Cihaner ve Böke'den CHP'ye Meclis'i boykot çağrısı

CHP'li Selin Sayek Böke ve İlhan Cihaner, kurultay öncesi delegelere yaptıkları çağrıda, parti politikalarını eleştirdi, 'Meclis çalışmalarından çekilme değerlendirilmeli' dedi.

Cihaner ve Böke'den CHP'ye Meclis'i boykot çağrısı

HABER MERKEZİ- CHP İzmir Milletvekili Selin Sayek Böke ve CHP İstanbul Milletvekili İlhan Cihaner tarafından Kurultay öncesi delegelere, 'Kurultay ve gelecek için açık çağrı' başlığıyla yayınlanan metinde, olağanüstü koşullara uygun olağanüstü bir muhalefet örgütlenmesi gerektiğini belirtilerek, "Meclis’te aktif boykot, Meclis çalışmalarından çekilme ve benzeri demokratik araçlar parti kurullarında ciddi şekilde değerlendirilmeli" denildi.

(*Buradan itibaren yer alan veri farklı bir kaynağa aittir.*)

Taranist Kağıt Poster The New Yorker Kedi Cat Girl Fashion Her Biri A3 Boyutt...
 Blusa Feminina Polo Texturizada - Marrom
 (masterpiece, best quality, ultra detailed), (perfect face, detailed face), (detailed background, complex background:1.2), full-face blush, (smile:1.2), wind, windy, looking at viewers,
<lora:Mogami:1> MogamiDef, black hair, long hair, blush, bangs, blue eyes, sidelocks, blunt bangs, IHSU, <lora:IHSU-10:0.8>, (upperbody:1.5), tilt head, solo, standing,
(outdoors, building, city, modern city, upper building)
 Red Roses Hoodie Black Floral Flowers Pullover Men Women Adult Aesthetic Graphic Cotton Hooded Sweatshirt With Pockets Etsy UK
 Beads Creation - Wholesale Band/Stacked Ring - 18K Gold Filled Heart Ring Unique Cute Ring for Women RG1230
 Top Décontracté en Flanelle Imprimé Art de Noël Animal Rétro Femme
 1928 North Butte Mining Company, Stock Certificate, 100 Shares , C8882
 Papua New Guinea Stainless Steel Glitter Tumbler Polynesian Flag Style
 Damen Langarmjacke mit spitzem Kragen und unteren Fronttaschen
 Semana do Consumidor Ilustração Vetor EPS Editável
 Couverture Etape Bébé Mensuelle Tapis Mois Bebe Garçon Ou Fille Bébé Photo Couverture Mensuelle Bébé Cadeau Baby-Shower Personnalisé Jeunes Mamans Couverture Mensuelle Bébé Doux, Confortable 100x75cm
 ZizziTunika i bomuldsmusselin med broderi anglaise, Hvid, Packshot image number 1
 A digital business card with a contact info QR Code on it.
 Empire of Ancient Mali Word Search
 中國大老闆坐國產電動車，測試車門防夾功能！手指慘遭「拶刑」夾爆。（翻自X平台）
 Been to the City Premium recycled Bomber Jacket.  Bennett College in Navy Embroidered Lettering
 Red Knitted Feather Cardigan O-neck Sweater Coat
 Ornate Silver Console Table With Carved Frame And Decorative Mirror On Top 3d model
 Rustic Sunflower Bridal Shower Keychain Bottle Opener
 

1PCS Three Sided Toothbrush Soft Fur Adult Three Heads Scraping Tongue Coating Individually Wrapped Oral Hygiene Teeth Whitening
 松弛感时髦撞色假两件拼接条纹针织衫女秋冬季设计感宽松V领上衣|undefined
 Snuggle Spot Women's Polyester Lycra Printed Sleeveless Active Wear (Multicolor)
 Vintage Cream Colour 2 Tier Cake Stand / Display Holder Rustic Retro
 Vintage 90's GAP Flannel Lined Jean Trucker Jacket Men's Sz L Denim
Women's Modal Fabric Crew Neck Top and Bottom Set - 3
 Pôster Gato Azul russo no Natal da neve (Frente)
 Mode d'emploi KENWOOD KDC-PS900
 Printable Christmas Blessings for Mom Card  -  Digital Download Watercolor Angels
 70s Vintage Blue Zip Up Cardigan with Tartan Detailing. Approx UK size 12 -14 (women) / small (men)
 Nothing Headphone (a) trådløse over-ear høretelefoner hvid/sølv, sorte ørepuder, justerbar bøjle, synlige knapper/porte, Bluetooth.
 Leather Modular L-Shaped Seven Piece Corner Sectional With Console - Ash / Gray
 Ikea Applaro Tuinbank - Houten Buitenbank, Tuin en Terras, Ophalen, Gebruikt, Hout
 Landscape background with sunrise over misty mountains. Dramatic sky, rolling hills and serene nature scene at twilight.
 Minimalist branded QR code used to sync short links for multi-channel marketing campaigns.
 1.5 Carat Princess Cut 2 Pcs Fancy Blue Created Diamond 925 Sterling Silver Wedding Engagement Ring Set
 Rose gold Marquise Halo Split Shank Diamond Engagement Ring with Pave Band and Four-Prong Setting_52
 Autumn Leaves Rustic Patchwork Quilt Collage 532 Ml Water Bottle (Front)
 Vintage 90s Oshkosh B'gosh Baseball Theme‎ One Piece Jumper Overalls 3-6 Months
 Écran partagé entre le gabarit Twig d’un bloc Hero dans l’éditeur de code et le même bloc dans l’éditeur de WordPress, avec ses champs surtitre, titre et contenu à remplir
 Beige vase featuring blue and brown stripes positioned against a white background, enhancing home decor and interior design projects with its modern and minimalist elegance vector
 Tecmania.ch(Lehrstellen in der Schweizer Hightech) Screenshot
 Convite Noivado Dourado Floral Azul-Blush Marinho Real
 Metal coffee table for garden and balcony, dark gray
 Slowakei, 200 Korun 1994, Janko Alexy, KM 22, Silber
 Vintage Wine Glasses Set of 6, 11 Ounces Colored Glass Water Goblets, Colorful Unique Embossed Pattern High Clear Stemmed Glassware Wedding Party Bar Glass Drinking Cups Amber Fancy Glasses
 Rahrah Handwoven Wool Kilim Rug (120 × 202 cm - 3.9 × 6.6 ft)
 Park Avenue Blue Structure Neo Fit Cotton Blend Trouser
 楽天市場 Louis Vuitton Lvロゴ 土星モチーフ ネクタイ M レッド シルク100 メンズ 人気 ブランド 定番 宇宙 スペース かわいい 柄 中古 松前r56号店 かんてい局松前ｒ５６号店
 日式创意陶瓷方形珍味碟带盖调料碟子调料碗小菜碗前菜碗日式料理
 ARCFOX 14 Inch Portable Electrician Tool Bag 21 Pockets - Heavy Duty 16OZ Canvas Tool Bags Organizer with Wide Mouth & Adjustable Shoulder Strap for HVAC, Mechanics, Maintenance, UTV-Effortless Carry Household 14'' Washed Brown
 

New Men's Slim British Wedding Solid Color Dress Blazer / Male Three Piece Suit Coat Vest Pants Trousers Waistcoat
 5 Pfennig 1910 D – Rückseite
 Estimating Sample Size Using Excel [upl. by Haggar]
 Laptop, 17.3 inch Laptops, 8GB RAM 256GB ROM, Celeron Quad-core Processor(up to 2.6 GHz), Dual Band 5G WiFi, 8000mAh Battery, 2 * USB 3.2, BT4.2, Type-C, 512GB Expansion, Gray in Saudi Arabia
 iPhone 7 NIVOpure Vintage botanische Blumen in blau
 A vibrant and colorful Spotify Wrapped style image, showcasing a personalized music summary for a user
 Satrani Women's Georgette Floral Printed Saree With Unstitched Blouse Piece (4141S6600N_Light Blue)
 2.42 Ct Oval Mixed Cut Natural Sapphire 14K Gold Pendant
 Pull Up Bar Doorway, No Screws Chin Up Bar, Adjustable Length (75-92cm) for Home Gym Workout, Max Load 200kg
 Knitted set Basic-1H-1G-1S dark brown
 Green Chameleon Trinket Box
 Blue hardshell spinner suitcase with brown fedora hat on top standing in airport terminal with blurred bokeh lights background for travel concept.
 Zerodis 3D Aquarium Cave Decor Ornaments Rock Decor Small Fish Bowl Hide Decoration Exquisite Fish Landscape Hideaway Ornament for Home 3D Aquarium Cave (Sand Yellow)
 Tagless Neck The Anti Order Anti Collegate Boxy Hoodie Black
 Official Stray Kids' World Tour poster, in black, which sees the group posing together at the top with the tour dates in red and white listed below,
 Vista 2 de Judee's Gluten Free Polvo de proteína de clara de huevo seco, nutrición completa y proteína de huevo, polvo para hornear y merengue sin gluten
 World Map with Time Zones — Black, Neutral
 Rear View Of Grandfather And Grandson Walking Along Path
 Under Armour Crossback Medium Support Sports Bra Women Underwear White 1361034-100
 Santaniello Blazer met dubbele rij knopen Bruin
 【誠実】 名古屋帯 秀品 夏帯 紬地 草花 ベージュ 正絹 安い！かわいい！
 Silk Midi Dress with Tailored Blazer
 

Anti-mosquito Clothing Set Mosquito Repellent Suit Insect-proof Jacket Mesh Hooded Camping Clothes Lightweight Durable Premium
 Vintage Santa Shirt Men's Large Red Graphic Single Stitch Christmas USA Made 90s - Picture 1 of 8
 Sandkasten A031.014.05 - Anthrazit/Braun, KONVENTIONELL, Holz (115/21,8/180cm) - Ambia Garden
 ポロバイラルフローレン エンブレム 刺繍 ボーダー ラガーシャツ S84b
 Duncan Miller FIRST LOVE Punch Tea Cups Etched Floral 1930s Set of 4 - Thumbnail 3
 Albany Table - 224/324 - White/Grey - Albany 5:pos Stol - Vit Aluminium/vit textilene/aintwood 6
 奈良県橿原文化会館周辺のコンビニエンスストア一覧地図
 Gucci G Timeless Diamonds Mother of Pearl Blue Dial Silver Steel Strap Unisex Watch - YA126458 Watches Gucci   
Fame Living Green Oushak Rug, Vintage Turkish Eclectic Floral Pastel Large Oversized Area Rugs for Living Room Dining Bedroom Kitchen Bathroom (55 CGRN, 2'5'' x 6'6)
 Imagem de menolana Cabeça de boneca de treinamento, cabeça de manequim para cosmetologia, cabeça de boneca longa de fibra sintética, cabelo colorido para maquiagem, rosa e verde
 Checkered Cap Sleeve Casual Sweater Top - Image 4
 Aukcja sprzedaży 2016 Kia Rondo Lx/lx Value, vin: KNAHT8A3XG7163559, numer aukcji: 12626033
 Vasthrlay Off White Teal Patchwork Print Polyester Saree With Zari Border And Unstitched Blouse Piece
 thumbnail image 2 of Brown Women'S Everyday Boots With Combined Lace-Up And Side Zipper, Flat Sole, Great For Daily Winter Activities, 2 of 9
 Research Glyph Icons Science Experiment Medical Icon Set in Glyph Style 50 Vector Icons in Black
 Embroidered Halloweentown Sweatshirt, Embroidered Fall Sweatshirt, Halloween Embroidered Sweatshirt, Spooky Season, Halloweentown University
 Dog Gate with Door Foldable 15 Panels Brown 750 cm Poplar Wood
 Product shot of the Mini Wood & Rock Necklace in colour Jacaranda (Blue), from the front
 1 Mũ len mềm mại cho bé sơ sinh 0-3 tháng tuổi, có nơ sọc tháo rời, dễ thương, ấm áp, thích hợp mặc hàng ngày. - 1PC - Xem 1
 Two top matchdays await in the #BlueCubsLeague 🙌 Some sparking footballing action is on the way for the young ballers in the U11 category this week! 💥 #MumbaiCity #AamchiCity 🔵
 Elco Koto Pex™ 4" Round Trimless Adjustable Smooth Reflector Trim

gelecekicinbiz sitesinde yayınlanan ve CHP’nin kritik dönemeçlerdeki tavrının eleştirildiği açıklamada, Cumhurbaşkanlığı seçiminde aday belirlenmesinden, savaş tezkerelerine ilişkin tutuma, dokunulmazlıkların kaldırılması sürecindeki tavırdan, Yenikapı mitingine ilişkin tutumun ‘siyasetsizleşme sürecinin kalıcı bir politik çizgi ve yönetim tarzı hali’ olarak nitelendi.

'BU ÇÖKÜŞ TARİHSEL BİR FIRSAT YARATIYOR'

"Partimizin 36. Olağan Kurultayının delegelerine, tüm CHP üyelerine ve Türkiye’ye çağrımızdır; Geçmişi biz kurduk, geleceği de biz inşa edelim" ifadeleriyle başlayan çağrı metninde, "Devletler, sınırlar, kurumlar, kimlikler, değerler alt üst oluyor. Yeni dünya düzeni; şiddet, terörizm, göç, iklim değişikliği, artan eşitsizlikler, emeğin kazanılmış haklarının geriletilmesi, kimlik siyasetinin ön plana çıkmasıyla dönemimize damga vurdu. Ancak bu hegemonya çöküyor. Egemenler bu çöküşü, otoriter rejimler inşa ederek ve aşırı sağı güçlendirerek ertelemeye çalışıyor. Bir yandan da bu çöküş, ezilenlerin ve sömürülenlerin, sol değerler etrafında örgütlenmesiyle daha eşit, daha özgür, daha demokratik bir geleceğin kurulması için de tarihsel bir fırsat yaratıyor" denildi.

'BU REJİMİN VAADİ DAHA FAZLA BASKI, YOKSULLUK, SAVAŞ'

"Bugün Türkiye’nin karşı karşıya olduğu eşitsizlik ve adaletsizlikler, Saray Rejimi’nin dayattığı neoliberal ekonomi anlayışı ve din istismarcısı siyasal İslam’ın tekçi, baskıcı dayatmasından kaynaklanıyor" denilen açıklamada, artık yapısal sınırlarına dayanan bu rejimin Türkiye'ye vaadinin, daha fazla hukuksuzluk, daha fazla baskı, daha fazla yoksulluk ve savaş olduğu ifade edildi.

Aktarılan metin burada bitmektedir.